»»

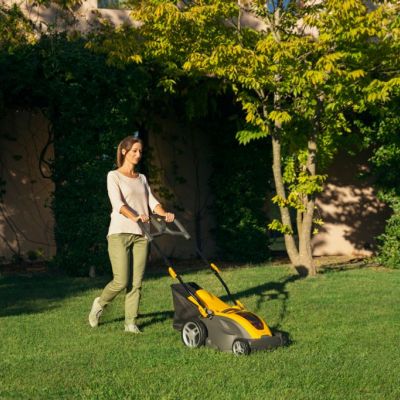 Akku-Rasenmäher in Bassum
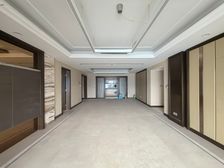 首付80多万买江北嘴豪装一线江景大平层三面看江交汇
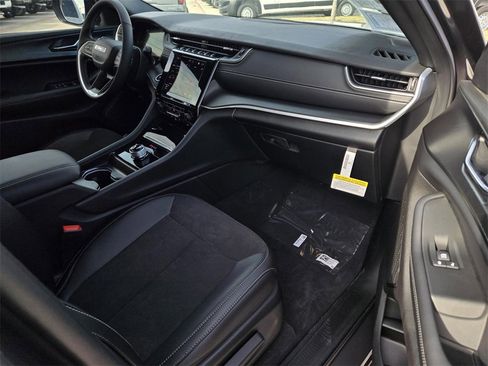 New 2025 Jeep Grand Cherokee L Altitude image 8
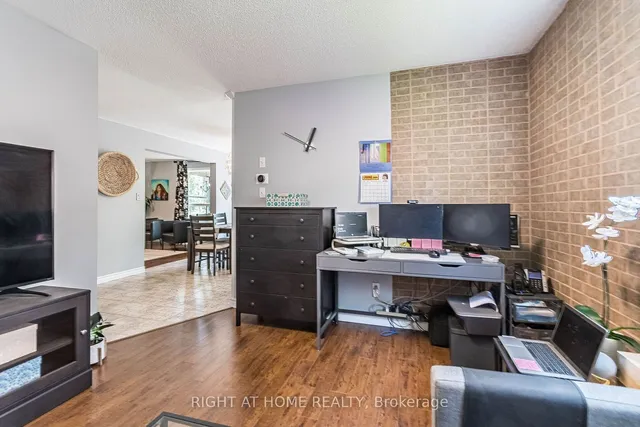 Additional image 27 of 64 Solsbury Cres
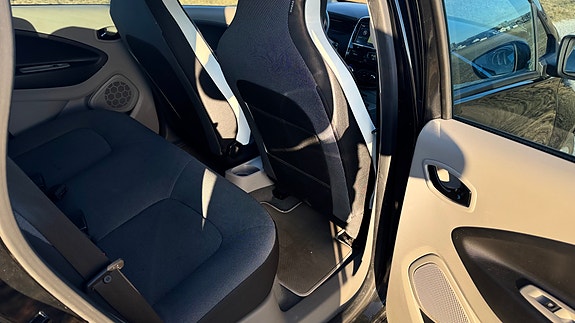 Renault Zoe 10 of 14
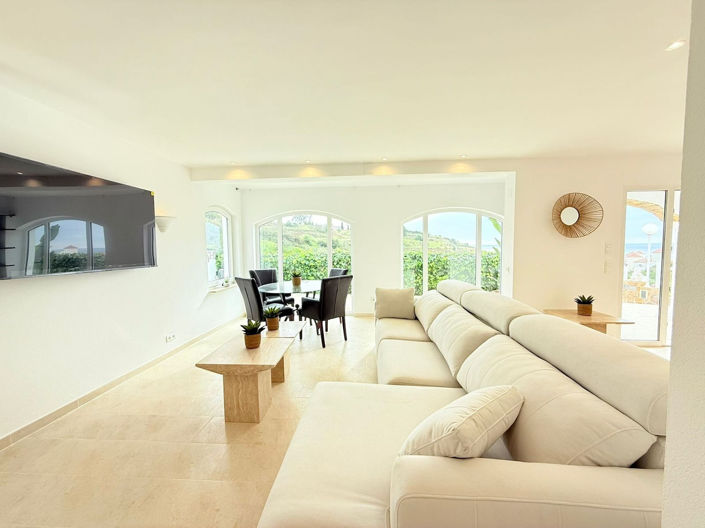 Image No.13-4 Bed Property for sale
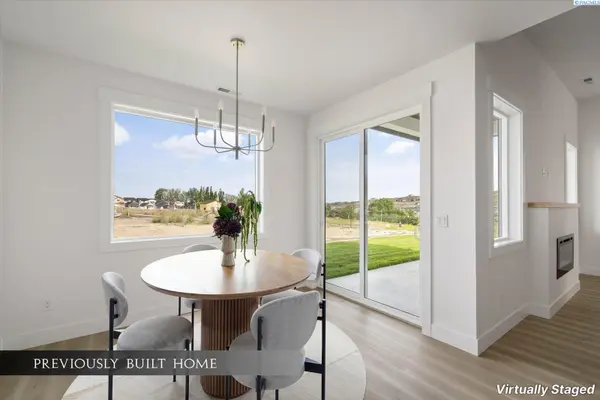 2733 S Beech Street, Kennewick, WA 99337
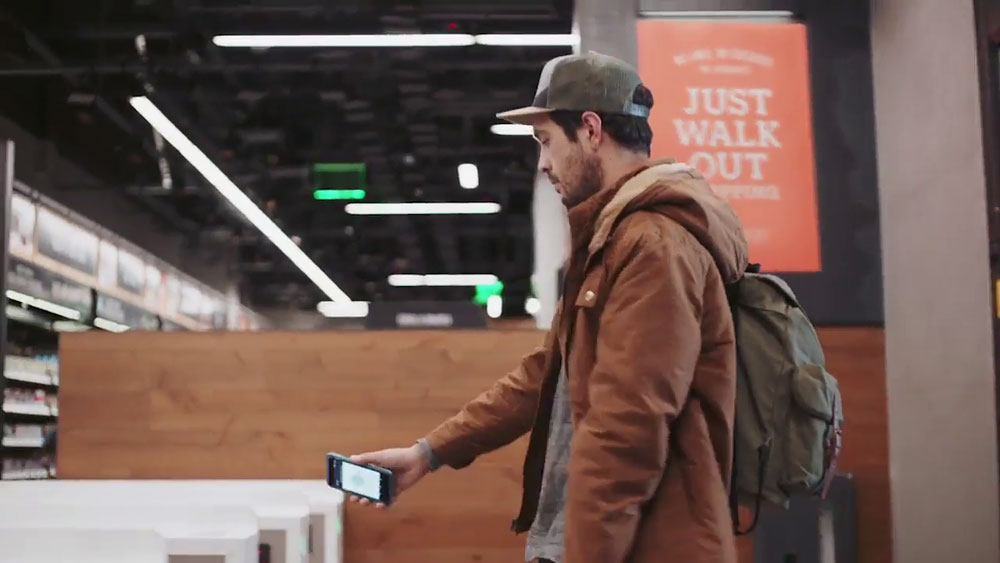 高科技！亚马逊便利店开业 摄像头随时盯准货架确保与商品互动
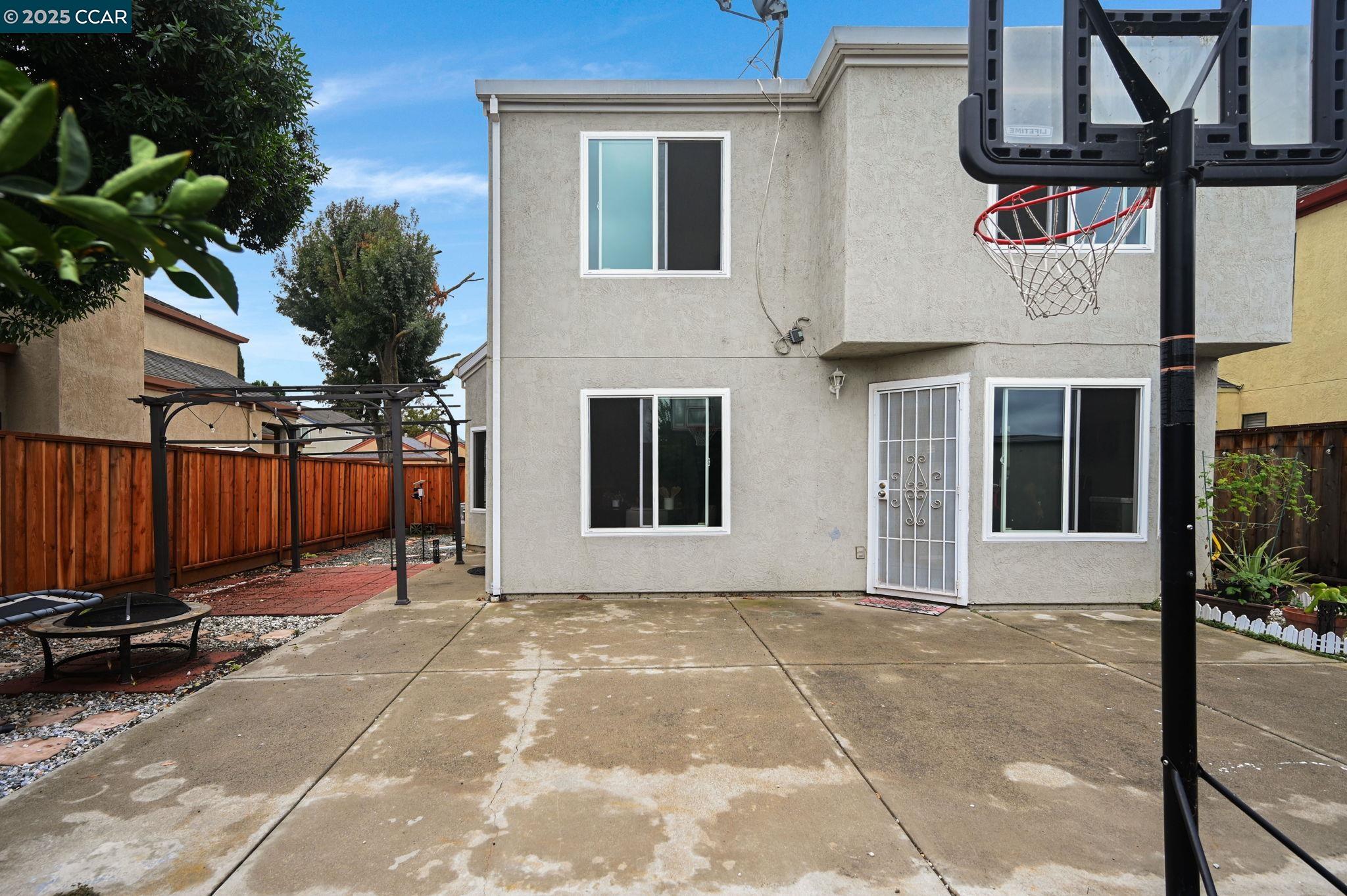 570 Mockingbird Ln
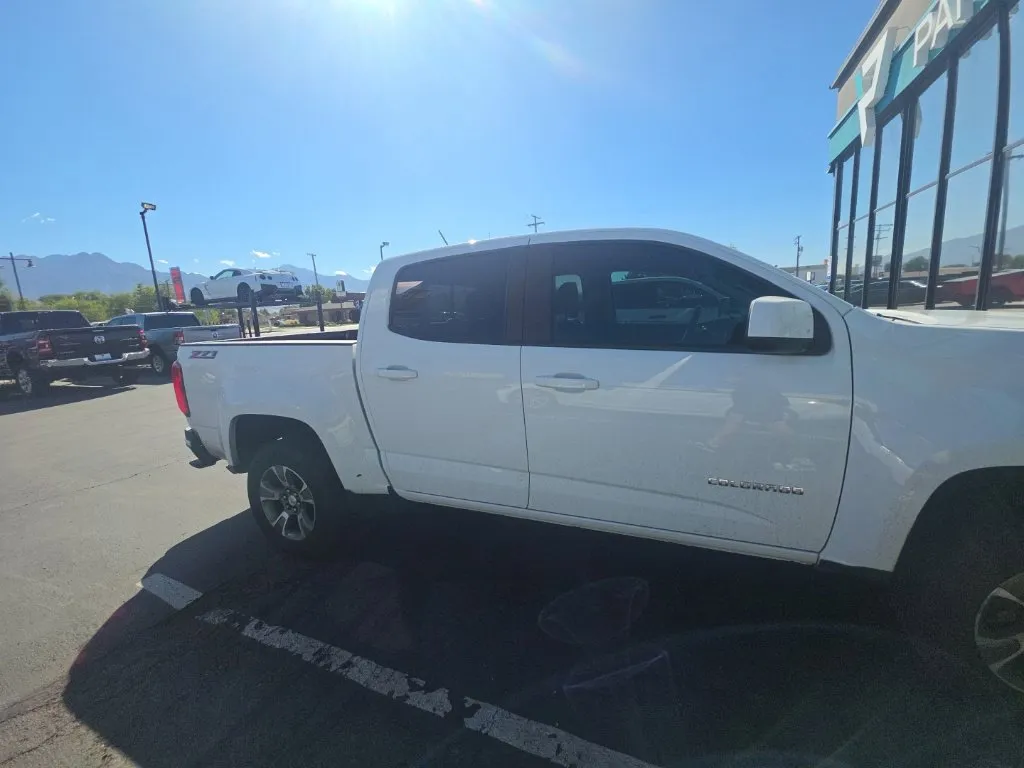Chevrolet Colorado photo 15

««

> **Task**
Although the records contain pictures, return only their text, exactly as written.

> **Exercise answer**
 Akku-Rasenmäher in Bassum
 首付80多万买江北嘴豪装一线江景大平层三面看江交汇
 New 2025 Jeep Grand Cherokee L Altitude image 8
 Additional image 27 of 64 Solsbury Cres
 Renault Zoe 10 of 14
 Image No.13-4 Bed Property for sale
 2733 S Beech Street, Kennewick, WA 99337
 高科技！亚马逊便利店开业 摄像头随时盯准货架确保与商品互动
 570 Mockingbird Ln
Chevrolet Colorado photo 15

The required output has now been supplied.